How do you fix problems with government? With more government, of course. That’s the CBS strategy based on reported problems at the Food and Drug Administration. In a two-story effort, the network pushed for more legislation, more regulation and more spending.
Two April 23 “Evening News” stories were filled with critics of the FDA arguing politicians are “not sure that the FDA is up to the job,” as anchor Katie Couric put it. But neither report included a response to any of the charges from the agency or anyone who argued against growing bureaucracy.
Reporter Wyatt Andrews concluded his story claiming that everyone wants Congress to increase FDA regulations and funding. “Every proposal to fix the FDA says the real job belongs to Congress. That Congress has to deliver new funding and new authority to bring the FDA into the 21st Century.”
CBS spent 4 ½ minutes detailing problems in the food and drug sides of the FDA. That meant interviewing the anti-industry group, the Center for Science in the Public Interest ; the pro-regulation Consumers Union; an industry group that wants a whole new federal agency; a disgruntled former FDA official and liberal Sen. Richard Durbin (D-Ill.), whose most recent rating from the left-wing Americans for Democratic Action was 100 percent.
Bill Vaughan, of the Consumer’s Union, blamed the FDA for deaths. “There’s an old saying: the history of the FDA is written in tombstones,” he claimed.
Reporter Nancy Cordes concluded her part by talking about how much the FDA budget needs to grow. According to her statement, an additional $11 million is slated for FDA food safety efforts in 2008. Even that’s not enough. “Former FDA officials say the agency needs 10 times that,” concluded Cordes.
Cordes never mentioned that the 2007 food safety budget had increased by nearly $20 million – a rise of 12.5 percent. The increase she said former FDA officials want would represent an extra $106 million, or a 60-percent increase in the food safety budget.
She used a graphic to compare the number of inspectors between the FDA and the Department of Agriculture. FDA is responsible for 80 percent of our food supply, she said, and USDA 20 percent, “but the USDA has five times the number of inspectors.” Cordes didn’t question whether that was too many. She concluded the number the FDA had was too few.
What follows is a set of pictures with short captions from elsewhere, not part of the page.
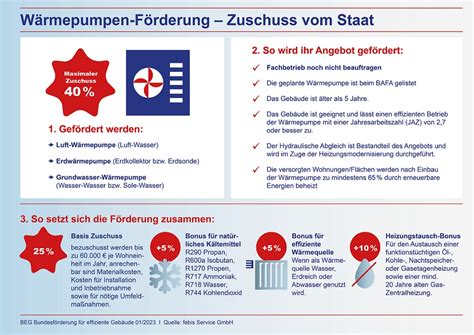 Förderung Wärmepumpe Fördergeldservice foerderdata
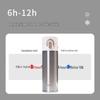Thermos JNI-300 Stainless Steel Vacuum Insulated Mug, 300ml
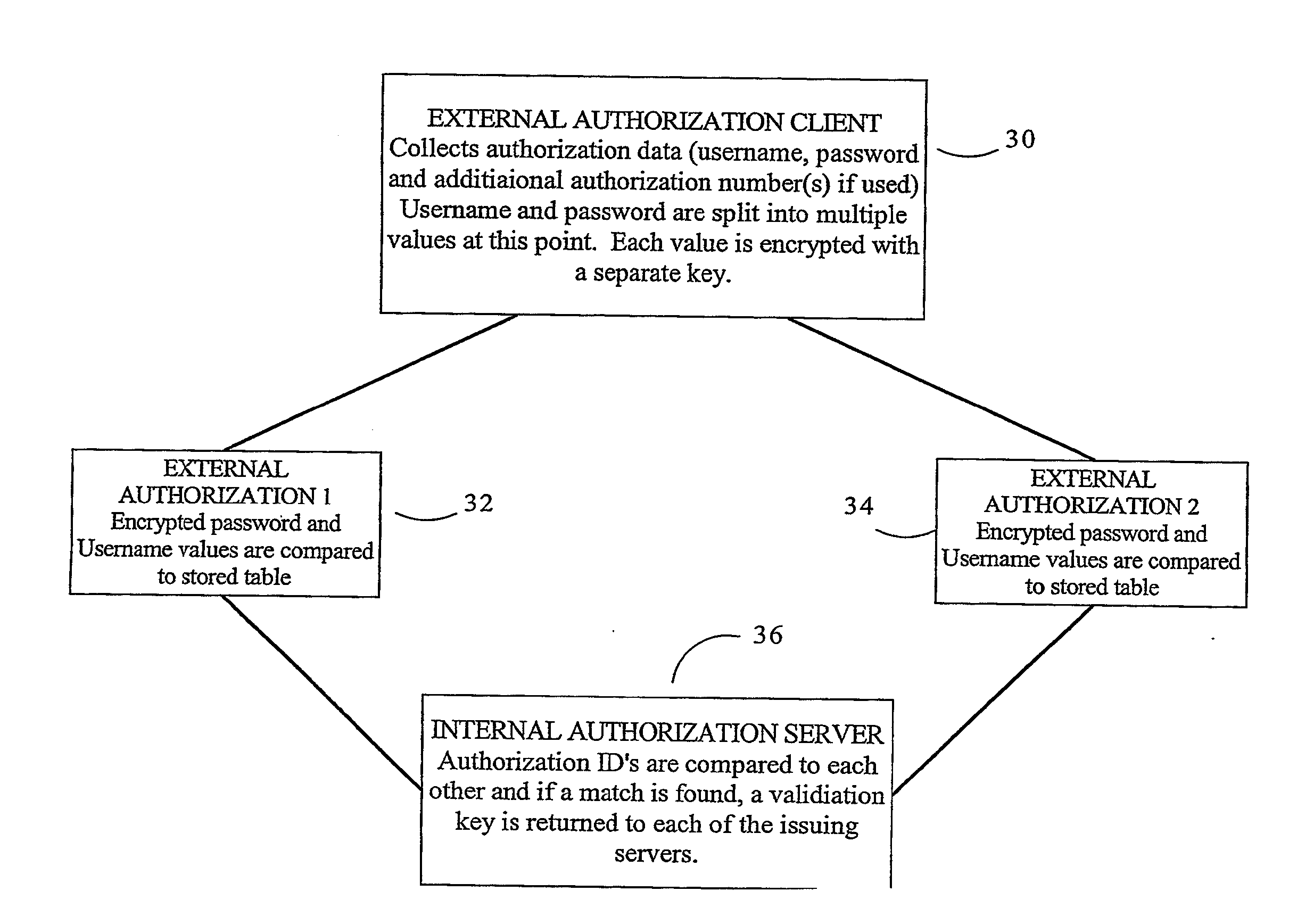 Method of and system for encryption and authentication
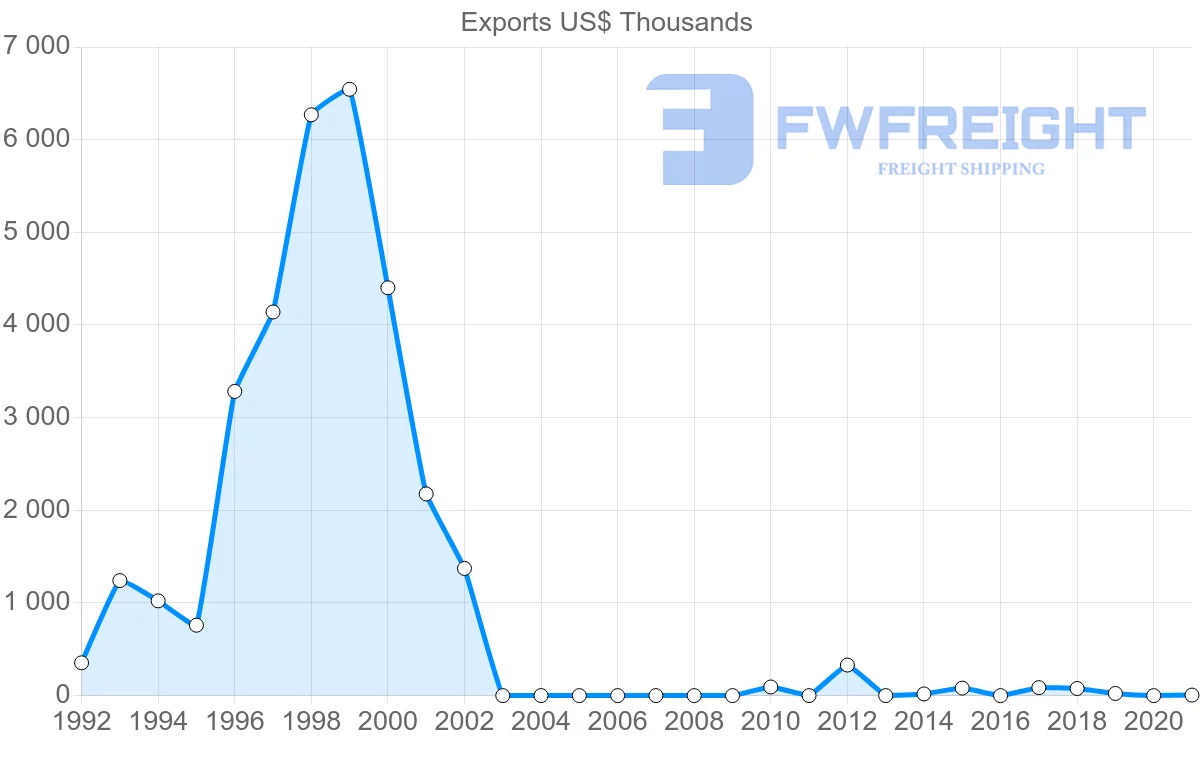 Shipping company from Myanmar to Romania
Only one person in either story made a free market point. When the FDA responded to a “deadly outbreak of e-coli” by asking industry to police itself, that’s exactly what happened. According to Cordes, “the California produce industry imposed standards on itself – far more strict than the FDA’s rules.”
Joe Pezzini, of Ocean Mist Farms, explained how industry can solve problems easier and faster than government. “We didn’t wait for legislation or regulation, ’cause that can take quite a bit of time to do.”